● **What the exercise asks**
Your answer must be the records below, repeated exactly, with every picture left out.

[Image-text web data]
►

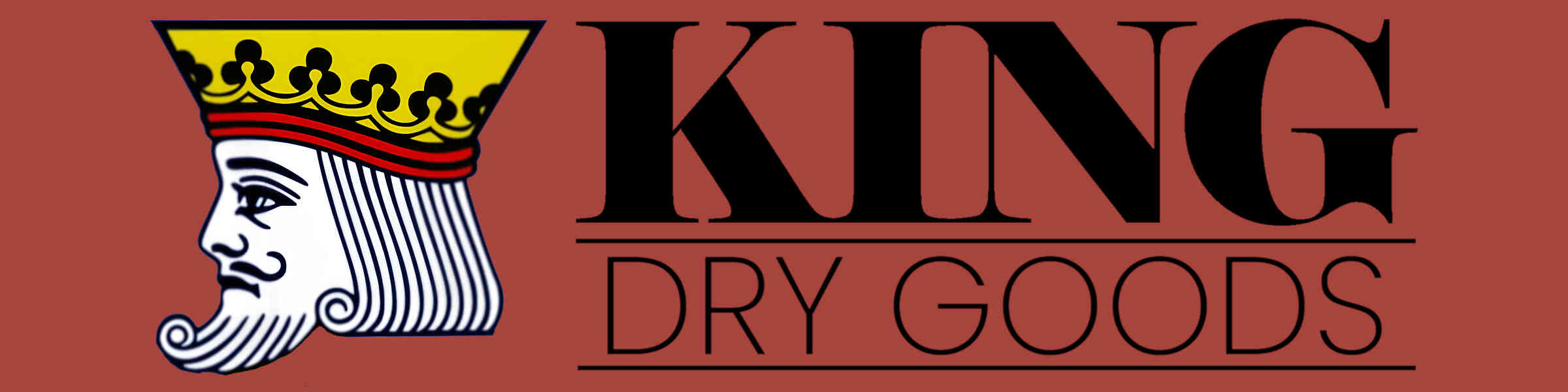 Banner des Künstlershops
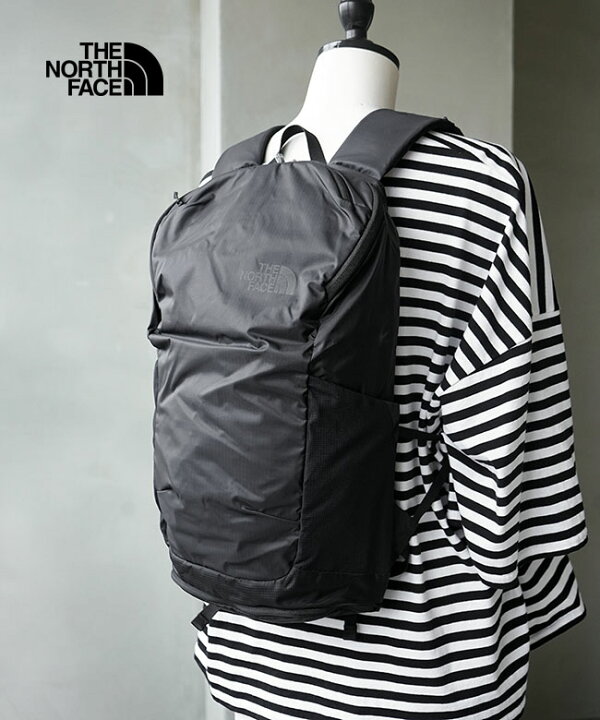 楽天市場】◇[NM62410]THE NORTH FACE(ザ・ノースフェイス) One Mile 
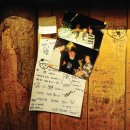 하이디하우스 이미지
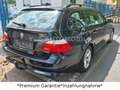 BMW 525 d Edition Lifestyle*2.Hand*Xenon*Leder Schwarz - thumbnail 5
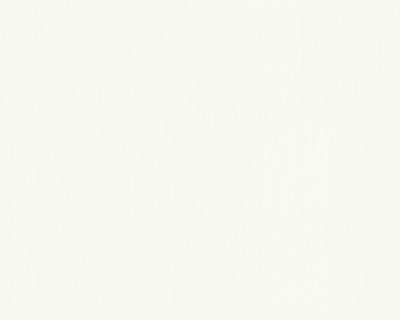 A.S.Creation Esprit 7 264817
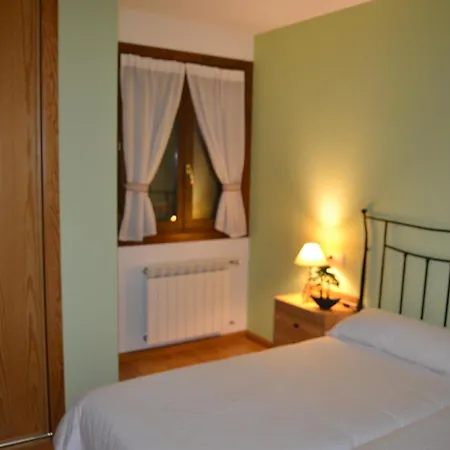 Cochata, Practico Y Centrico - Arafita Apartamentos Escarrilla Extérieur photo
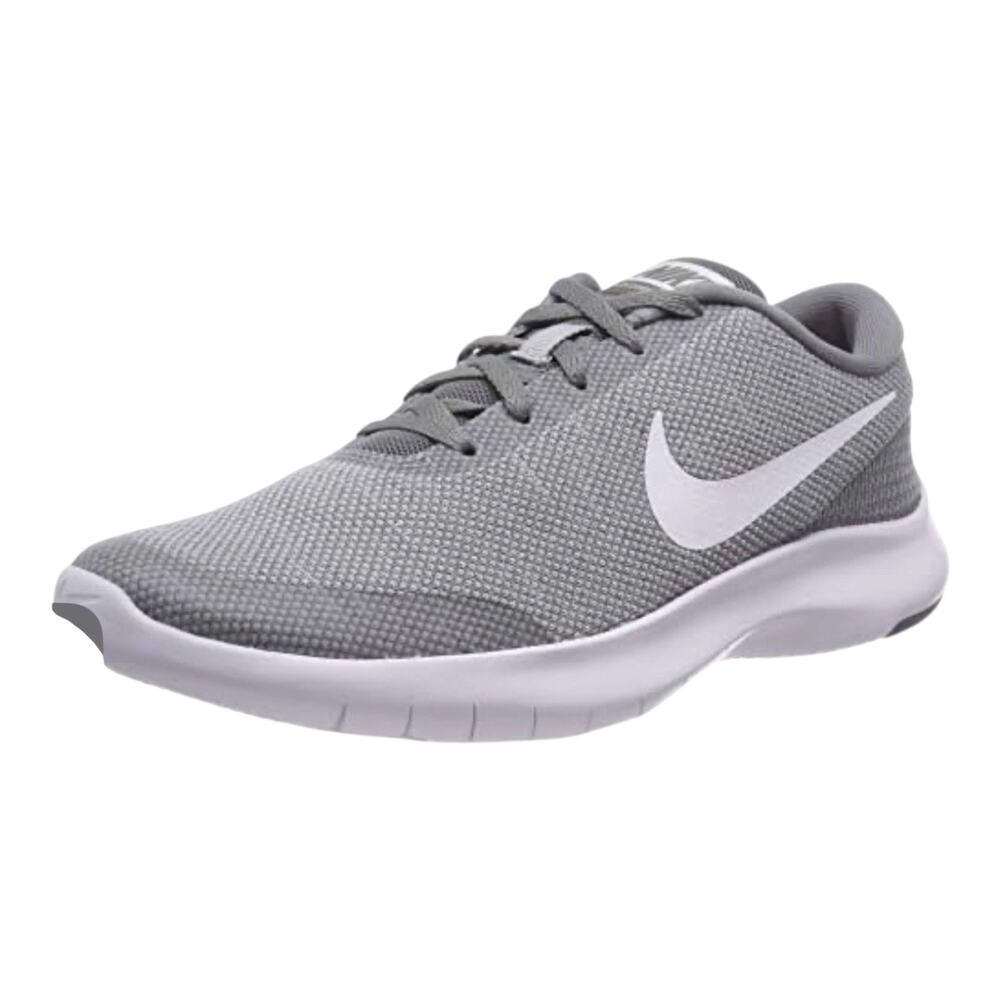 Women’s Nike Flex Experience RN 7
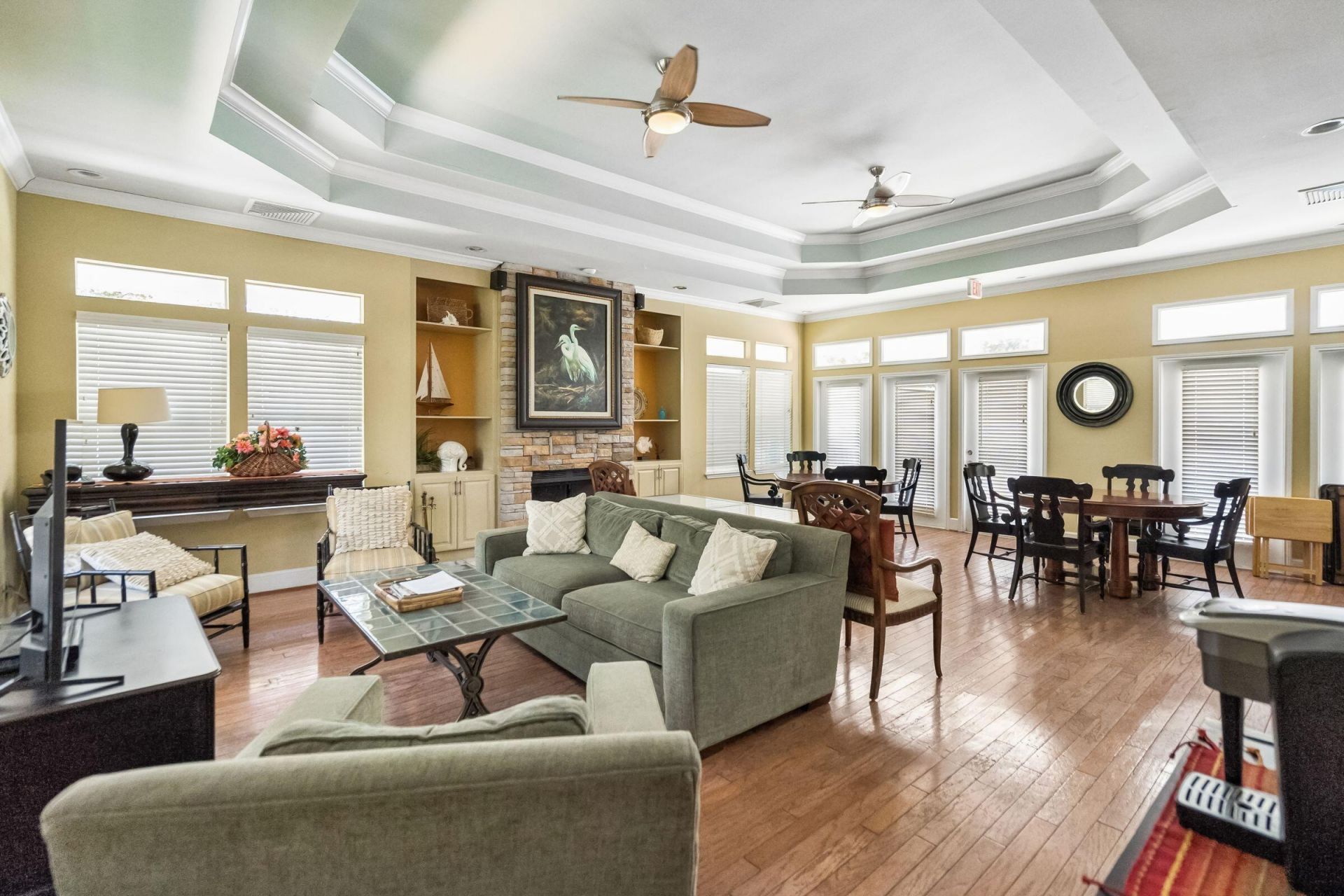 2011 N Highway 17 Photo 67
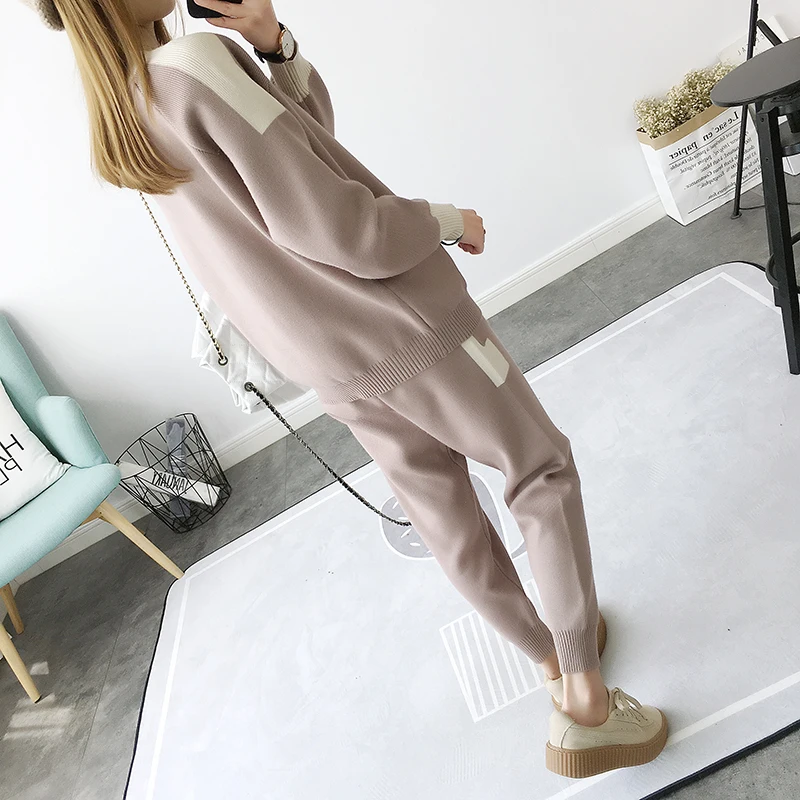 HTB1oKAnur5YBuNjSspoq6zeNFXaw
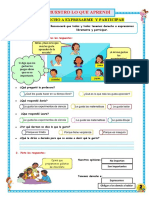 .JUEVES Personal290623 - FICHA - TENGO DERECHO A EXPRESARME Y PARTICIPAR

◄

● **Expected output**
 Banner des Künstlershops
 楽天市場】◇[NM62410]THE NORTH FACE(ザ・ノースフェイス) One Mile 
 하이디하우스 이미지
 BMW 525 d Edition Lifestyle*2.Hand*Xenon*Leder Schwarz - thumbnail 5
 A.S.Creation Esprit 7 264817
 Cochata, Practico Y Centrico - Arafita Apartamentos Escarrilla Extérieur photo
 Women’s Nike Flex Experience RN 7
 2011 N Highway 17 Photo 67
 HTB1oKAnur5YBuNjSspoq6zeNFXaw
 .JUEVES Personal290623 - FICHA - TENGO DERECHO A EXPRESARME Y PARTICIPAR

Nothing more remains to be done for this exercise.